▶ [Exercise] Transcribe the listing exactly, skipping every picture.

▶ [Supplied information]
*** Block opens ***

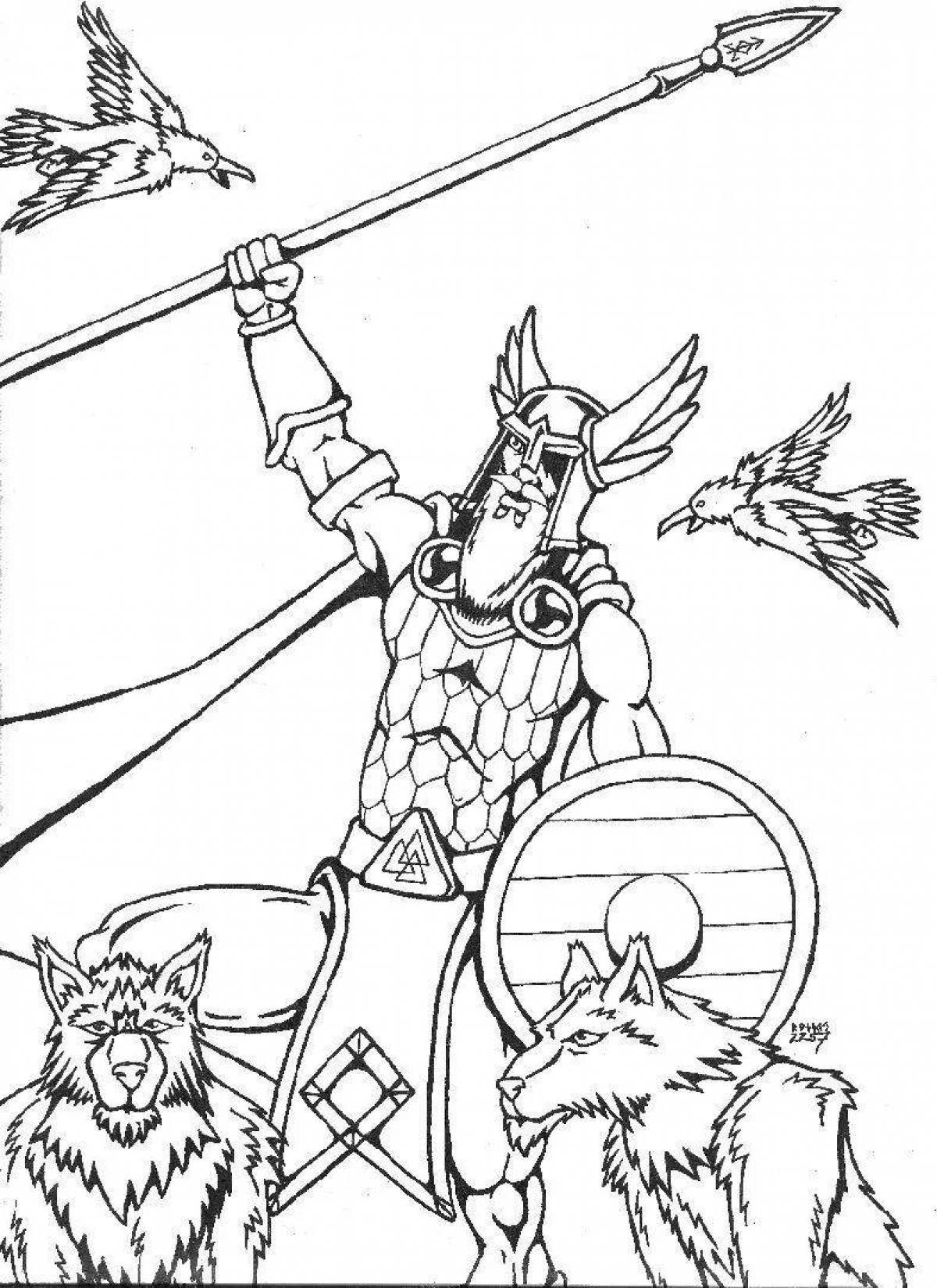 Viking dramatic coloring book
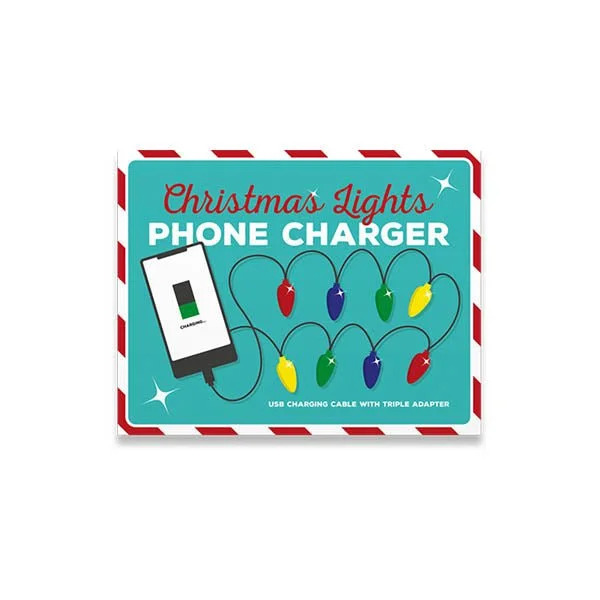 Christmas Wreath Making Christmas Lights Phone Charger
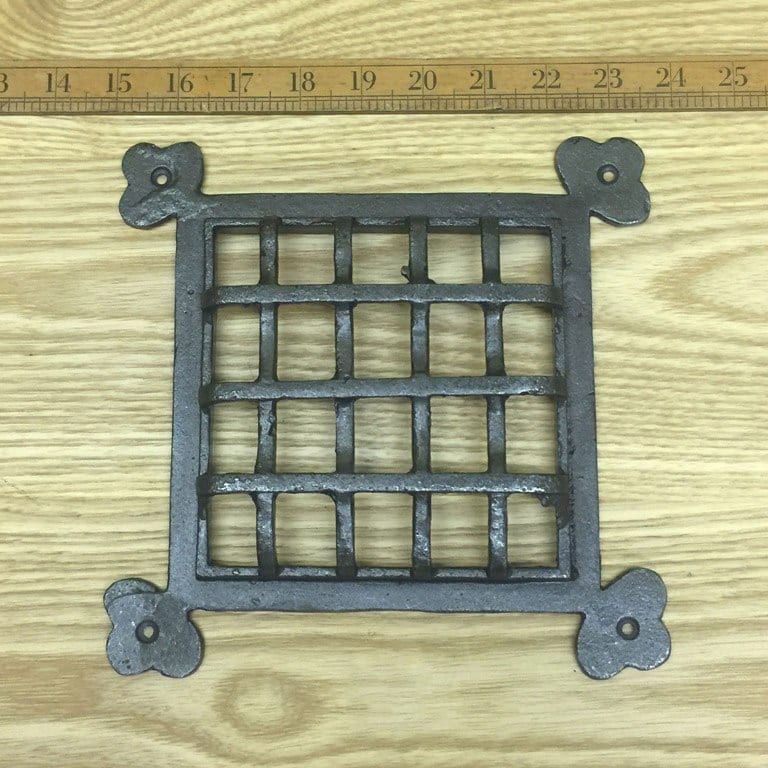 Ventilation Grille Extraction Cover Cast Iron 216mm x 216mm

*** Block closes ***

▶ [Output of the exercise]
 Viking dramatic coloring book
 Christmas Wreath Making Christmas Lights Phone Charger
 Ventilation Grille Extraction Cover Cast Iron 216mm x 216mm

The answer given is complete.